With no cut in rates expected next week, the market will be studying the wording of the board’s announcement for any signs of when the next rate cut might come about, as well as the wording in the Statement on Monetary Policy released at the same time.
But by far the big news will be the outcome of the US election and many Australians are expected to be glued to their screens as the exit polls start to come in.
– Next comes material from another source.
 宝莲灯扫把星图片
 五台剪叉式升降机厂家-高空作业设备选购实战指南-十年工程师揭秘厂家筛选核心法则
The election is being watched around the world for what it means for the global economy.
Trump is expected to be good for markets, deregulating the economy and easing controls on a range of industries from banking to mining, and energy to regulation of cryptocurrencies.
He has threatened to sack Jerome Powell and put in a new Federal Reserve governor who will do his bidding to cut interest rates faster.
With his promises to cut income and corporate taxes, and cut interest rates and impose tariffs on imports, a Trump presidency could be highly inflationary.
The then president Trump appointed Powell, a registered Republican, to the job in 2017, and Powell took up the role in February 2018. Powell was sworn in on May 23, 2022 for a second term – a role which ends on May 15, 2026.
So Trump could easily bring about a change at the top of the Fed by just waiting a year or so into his presidency.
The US election has major implications for Australia, first through the policies which will be implemented by the new president on a range of areas such as tax, tariffs, regulation, climate change and China, but also for the powerful force which the US has on global thematic debates.
It was Trump’s push to cut corporate taxes that put pressure on Australia to do the same; while the climate change policies of President Joe Biden have also flowed on to Australia.
A Trump presidency could result in some slowing of the global move towards net-zero emissions, and associated policies like the US Inflation Reduction Act which was an inspiration for the Albanese government’s Future Made in Australia policies.
A Harris presidency could be expected to be a continuation of the Biden administration, although her talk of price controls and small business assistance are yet to be fleshed out in any detail.
A simple barometer of global sentiment can be seen in the price of bitcoin which was down to $US81,500 in early September when Harris was ahead in the polls, but has risen ever since to more than $US110,500.
UK bookie Betfair puts Trump ahead of Harris -175 to +175, which is his largest lead since Biden dropped out of the race.
US betting companies are not allowed to accept bets on the presidential race but The Wall Street Journal has reported that four offshore crypto-based betting houses have put $US30m in cryptocurrency on a Trump victory.
But while Trump appears to be ahead, anything can happen in the final days.
At this time in 2016 the polls predicted a comfortable win by Democrat candidate Hillary Clinton.
It would be a brave person who bet their house on a Trump victory but, come Wednesday, there will be a lot of morning-after experts saying: “I told you so.”
Australia can but wait and watch – and be ready for the change when it comes.
As for me, when it comes to the Melbourne Cup next Tuesday, I’m tipping Phar Lap.